- Recorded information -

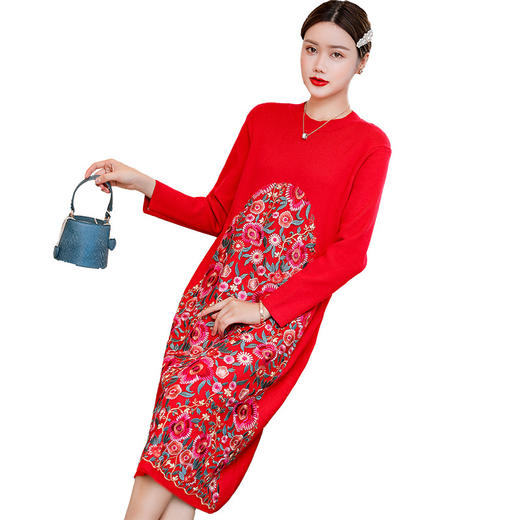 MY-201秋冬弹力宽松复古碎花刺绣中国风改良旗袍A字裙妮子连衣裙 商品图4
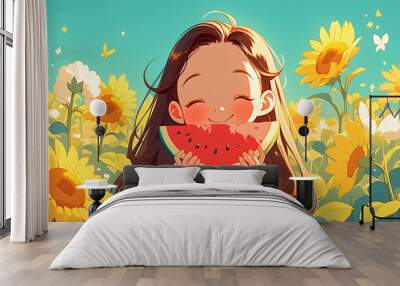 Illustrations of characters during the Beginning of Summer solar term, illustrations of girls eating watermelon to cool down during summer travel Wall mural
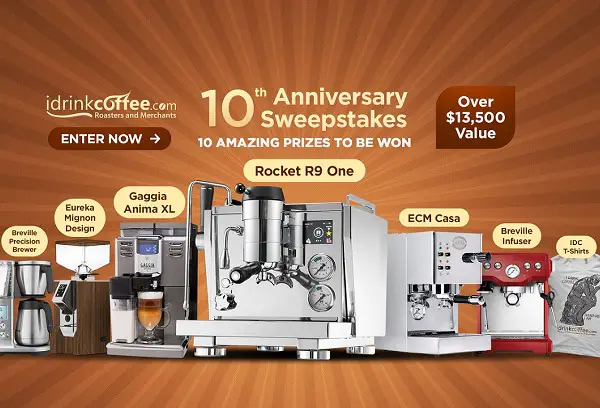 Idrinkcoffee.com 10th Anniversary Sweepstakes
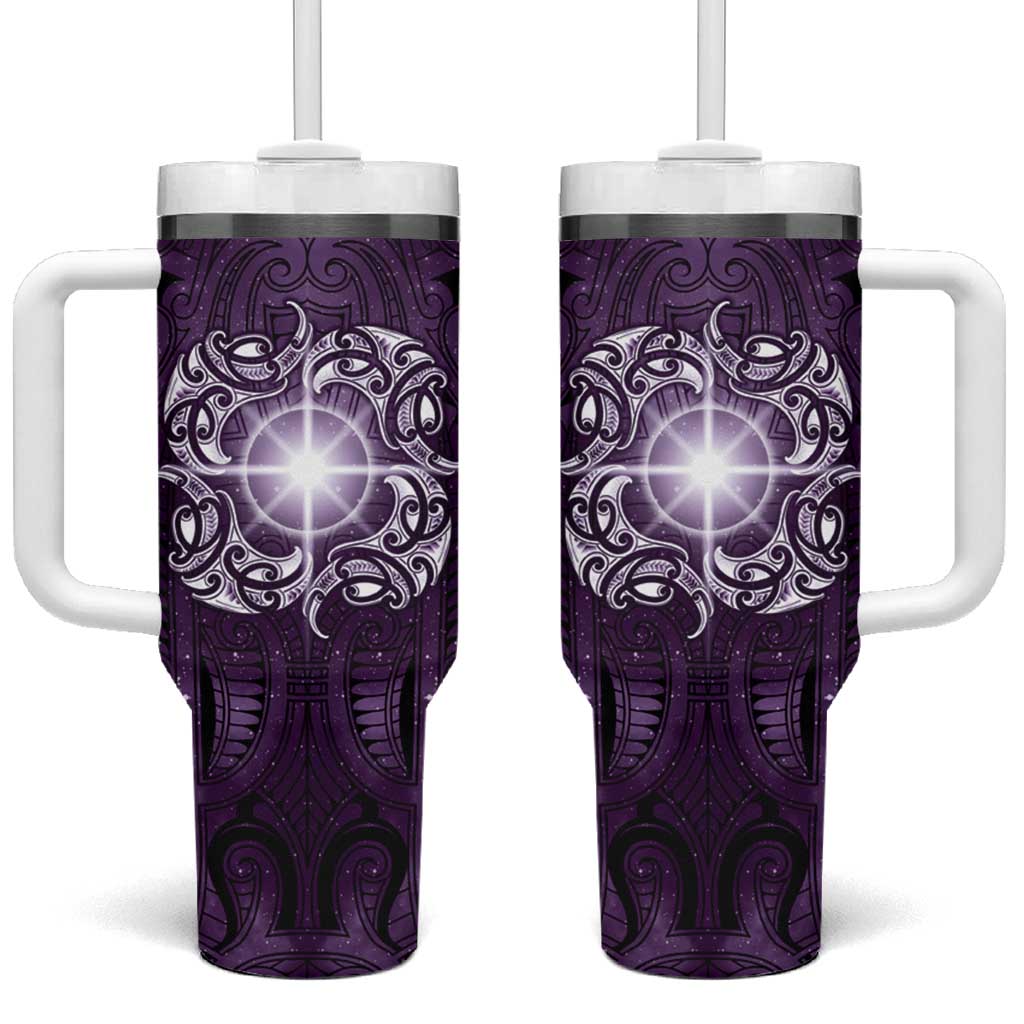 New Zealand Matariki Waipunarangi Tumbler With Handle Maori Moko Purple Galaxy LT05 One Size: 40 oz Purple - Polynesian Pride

---

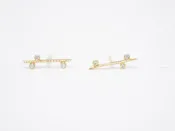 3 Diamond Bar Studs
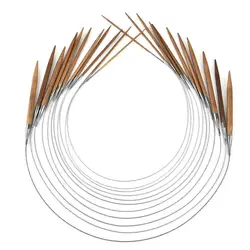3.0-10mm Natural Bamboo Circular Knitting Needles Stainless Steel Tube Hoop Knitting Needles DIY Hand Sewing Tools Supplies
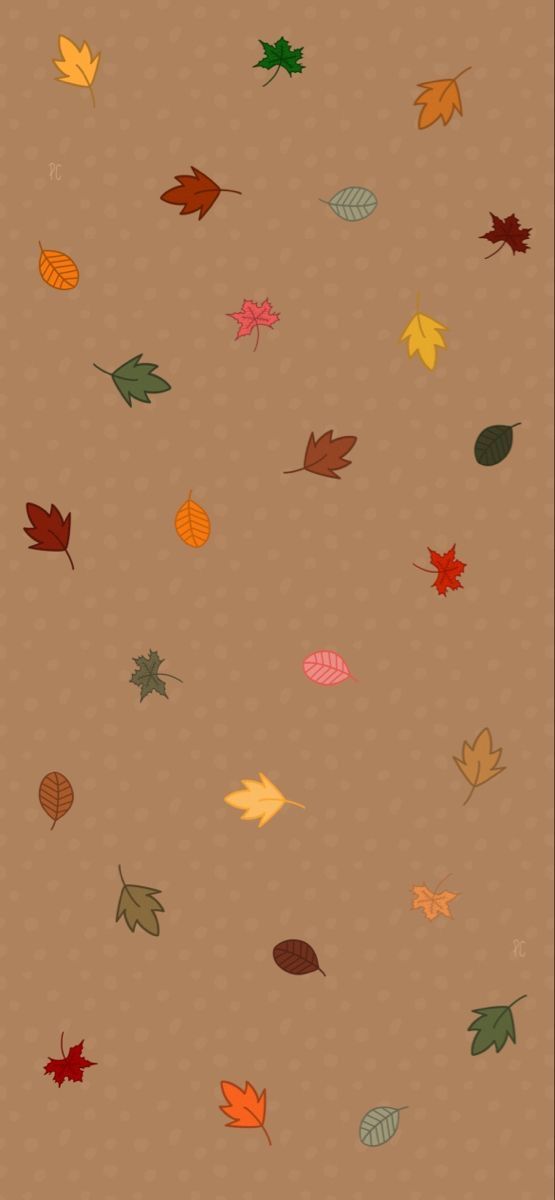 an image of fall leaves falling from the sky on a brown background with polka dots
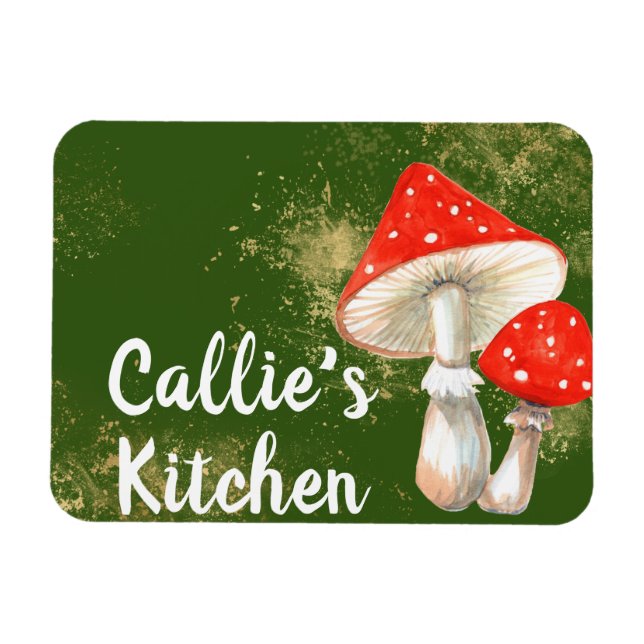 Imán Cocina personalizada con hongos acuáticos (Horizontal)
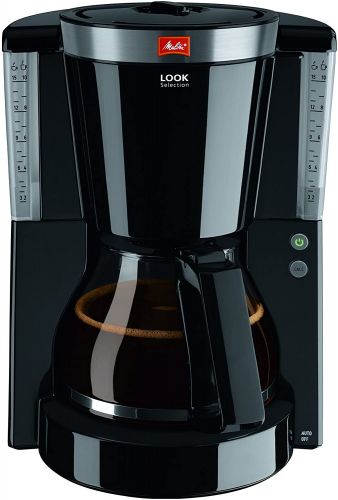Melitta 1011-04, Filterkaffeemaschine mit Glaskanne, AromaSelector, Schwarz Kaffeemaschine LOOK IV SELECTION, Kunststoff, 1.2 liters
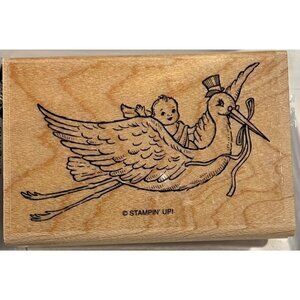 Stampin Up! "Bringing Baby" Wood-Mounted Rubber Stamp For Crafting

--

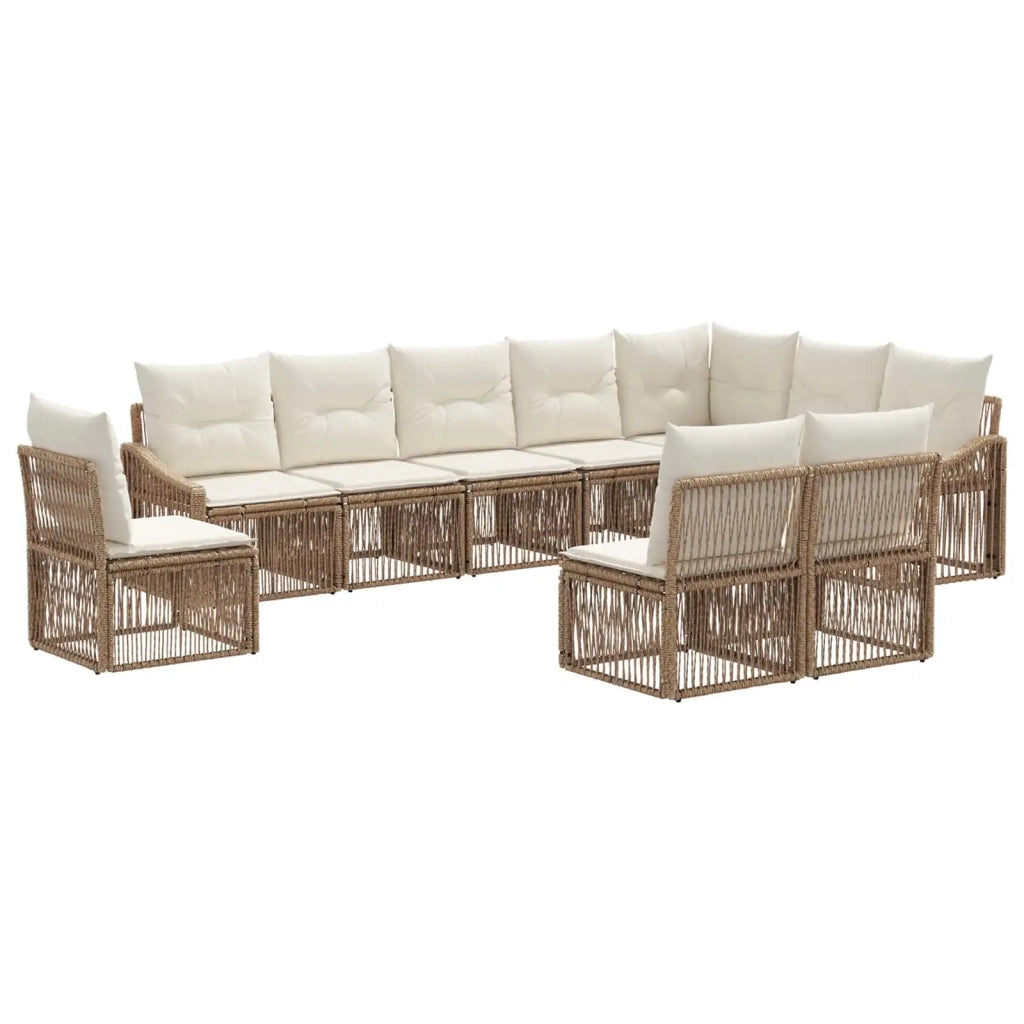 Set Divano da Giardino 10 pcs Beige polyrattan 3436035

- Aim of the exercise -
Using the records above, return word for word the lines that begin at the one containing "MY-201秋冬弹力宽松复古碎花刺绣中国风改良旗袍A字裙妮子连衣裙 商品图4" and end at the one containing "Idrinkcoffee.com 10th Anniversary", both of them included and no pictures.

- Task result -
 MY-201秋冬弹力宽松复古碎花刺绣中国风改良旗袍A字裙妮子连衣裙 商品图4
 Illustrations of characters during the Beginning of Summer solar term, illustrations of girls eating watermelon to cool down during summer travel Wall mural
 Idrinkcoffee.com 10th Anniversary Sweepstakes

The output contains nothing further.